By Business World, April 25 2019

https://www.bworldonline.com/fitch-ratings-cuts-phl-growth-forecast-on-budget-delay/

Image Credit to Bases Conversion and Development Authority (BCDA)

FITCH RATINGS on Wednesday joined another credit rater and various multilateral organizations in cutting Philippine economic growth projections, due largely to a delayed national budget that is expected to crimp state spending.

In its APAC Sovereign Credit Overview 2Q 2019 report, Fitch Ratings — which in December affirmed the Philippines credit rating at “BBB,” a notch above minimum investment grade, with a “stable” outlook — slashed its economic growth forecast for the Philippines to 6.2% for this year from the 6.6% projection it gave in December “as it expects the recent budget delay and external factors to weigh on growth.”

Fitch’s latest projection compares to similar downward revisions adopted by other outfits since the year began: S&P Global Ratings’ 6.3%; the World Bank’s and the Asian Development Bank’s 6.4%, as well as the 6.5% given by the International Monetary Fund, as well as by the UN Department of Economic and Social Affairs, the UN Conference on Trade and Development and the five UN regional commissions including the United Nations Economic and Social Commission for Asia and the Pacific.

GDP growth slowed to 6.2% last year from 6.7% in 2017 and 6.9% in 2016.
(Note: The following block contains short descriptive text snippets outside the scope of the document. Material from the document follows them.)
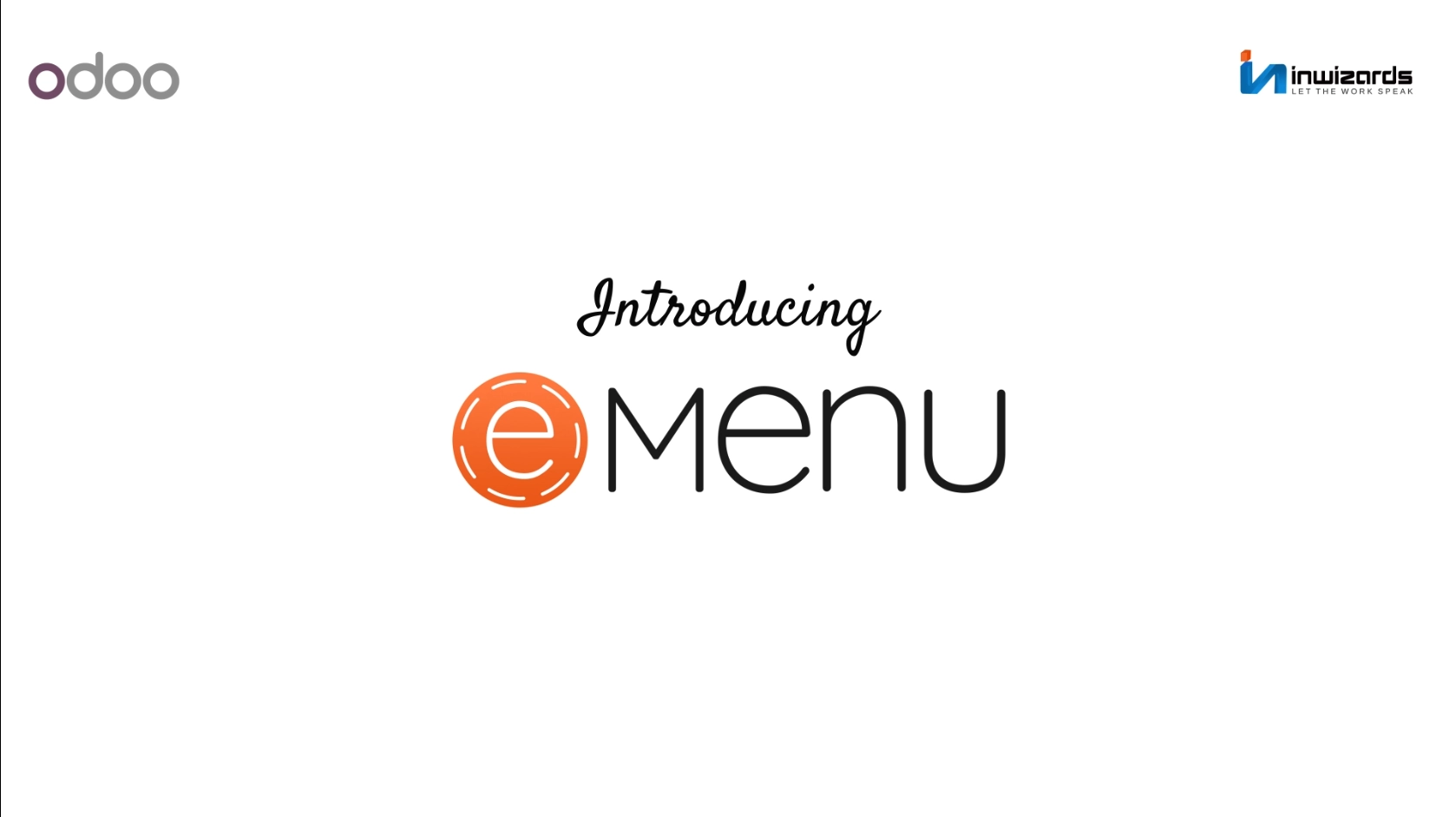 POS eMenu interface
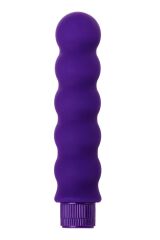 Çok Hızlı Boğumlu Silikon 17cm Mor Vibratör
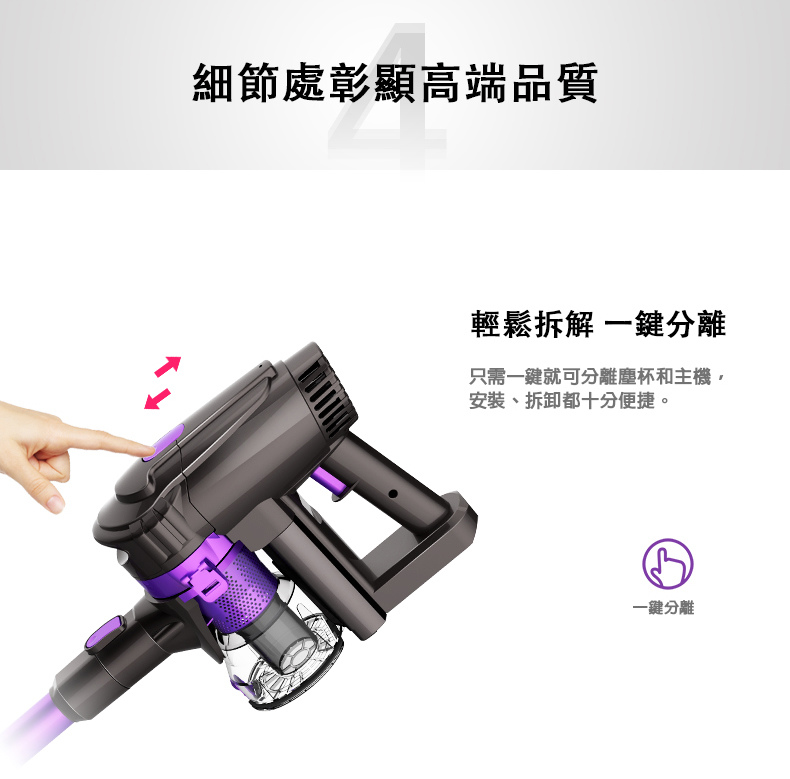 Dibea 地貝 F6TW 手持無線充電式吸塵器 台灣限定公司貨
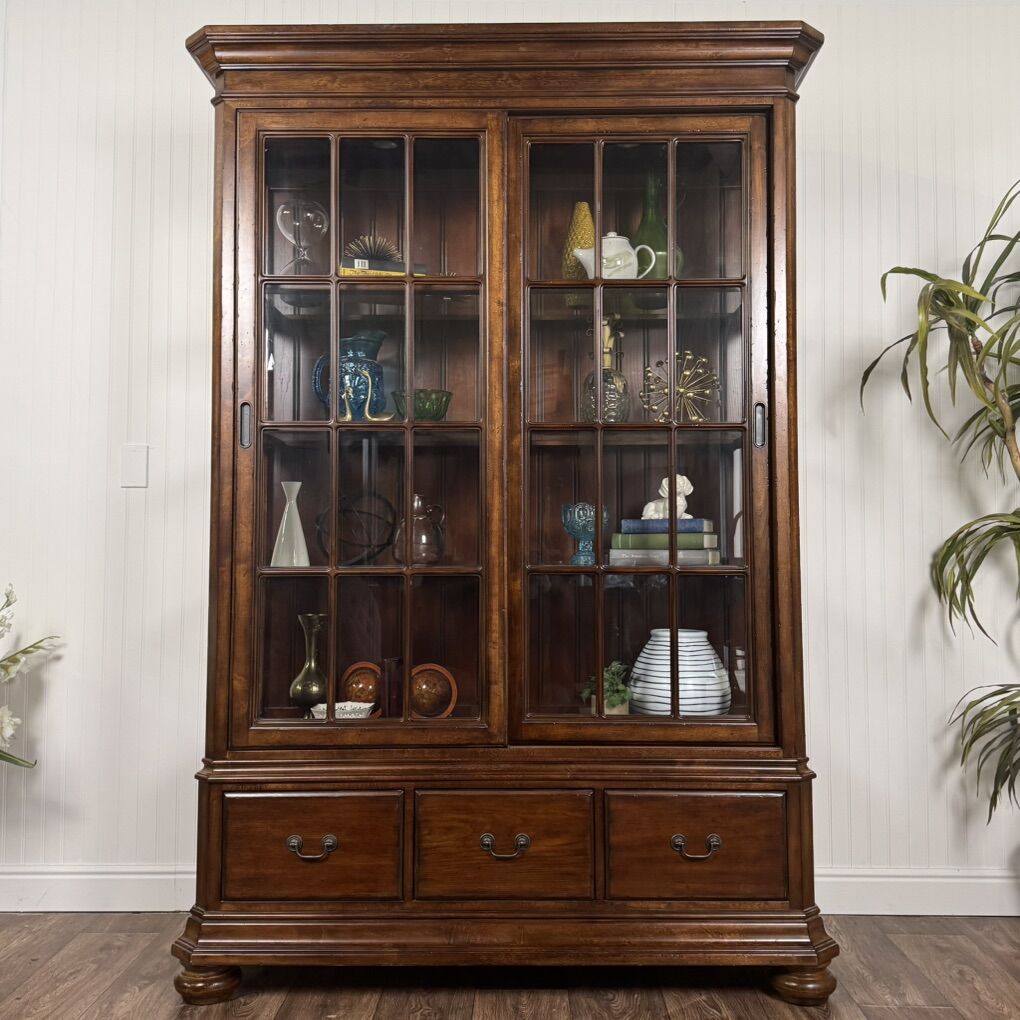 Wrangler Home Display Cabinet w/ Sliding Doors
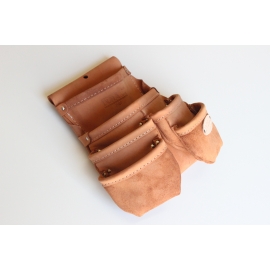 Leather Tool Pouch Industrial 6 pocket (P-407)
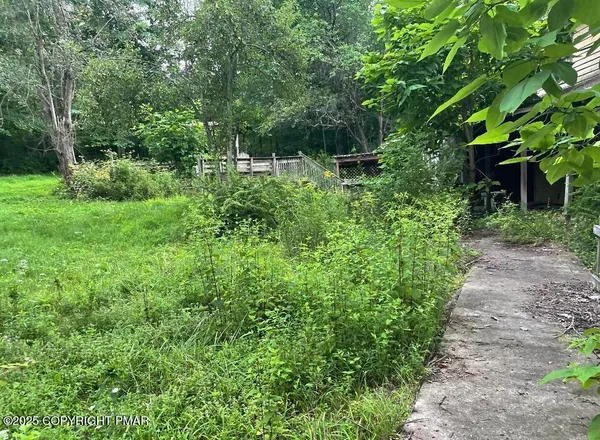 a garden view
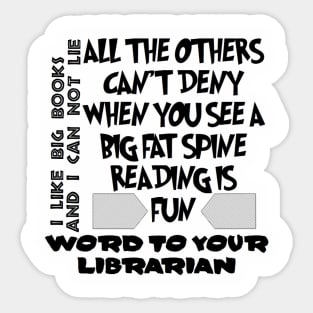 BIG BOOKS Sticker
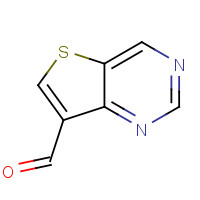 1211596-51-8 thieno[3,2-d]pyrimidine-7-carbaldehyde chemical structure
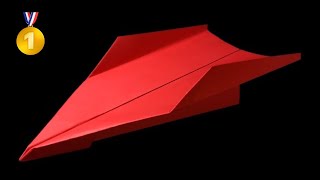 How to make a Paper Airplane that Flies Far and Straight  Best Paper Planes  Pappersflygplan [upl. by Ynahpets]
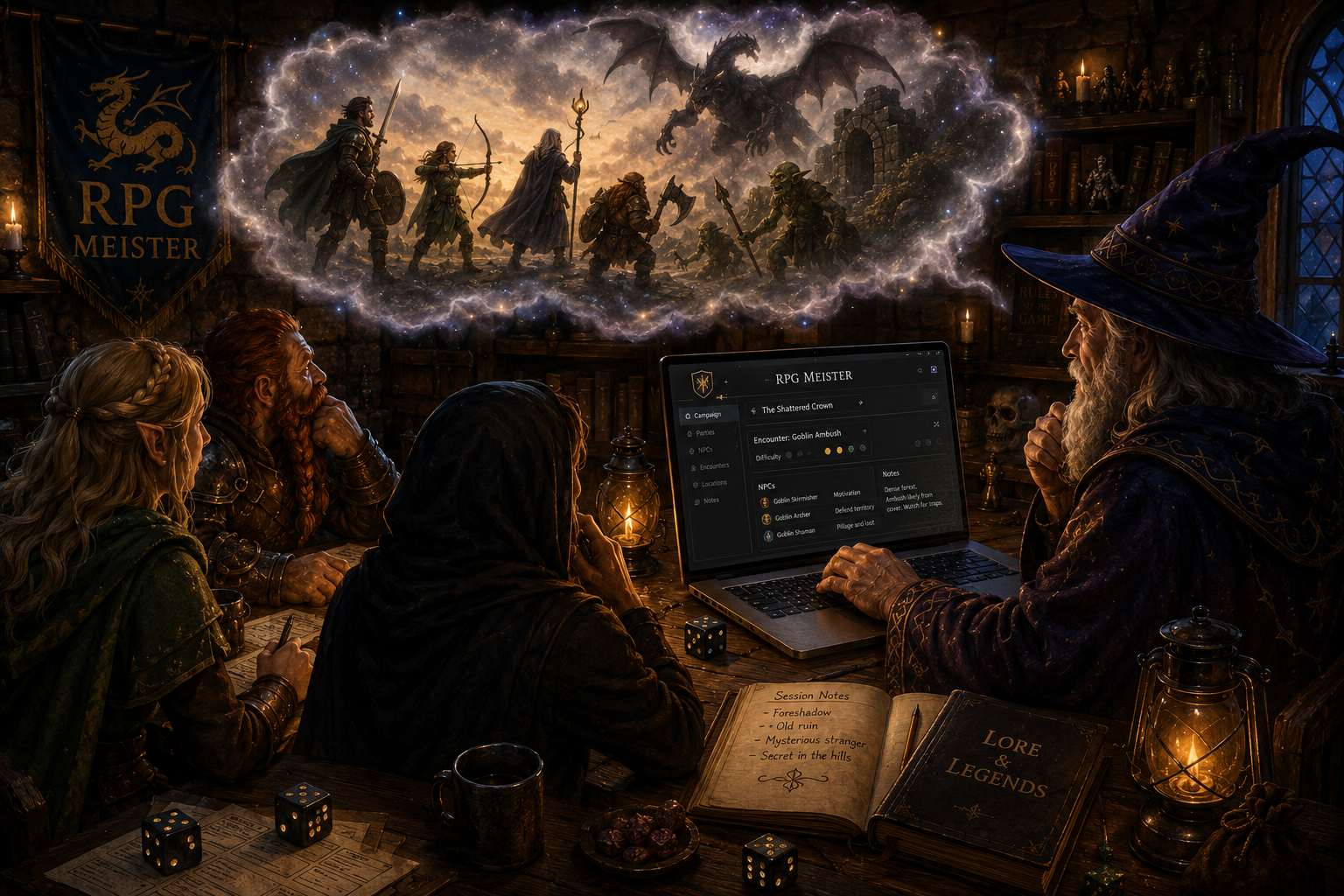 Adventurers gathering to begin a new quest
The inter-agency Development Budget Coordination Committee in mid-March slashed its 2019 GDP growth assumption to 6-7% from 7-8% originally as the government operated on a reenacted budget, and some state economic managers have said the government will be hard-pressed to catch up with the state spending program this year.

The Finance department reported on April 21 that delayed enactment of the 2019 national budget — cut to P3.662 trillion after President Rodrigo R. Duterte vetoed P95.3 billion in appropriations when he finally signed it into law on April 15 — resulted in “P1.01 bln [billion] daily underspending for primary expenditures (non-interest payments)” and made state disbursements miss the program by 11% at P777.99 billion in the first quarter, although they edged up a percent from a year ago.

Fitch Ratings, which sees GDP growth picking up to 6.3% next year, expects weak exports amid US-China trade tensions and muted remittance growth to “also exert some downward pressure on growth.”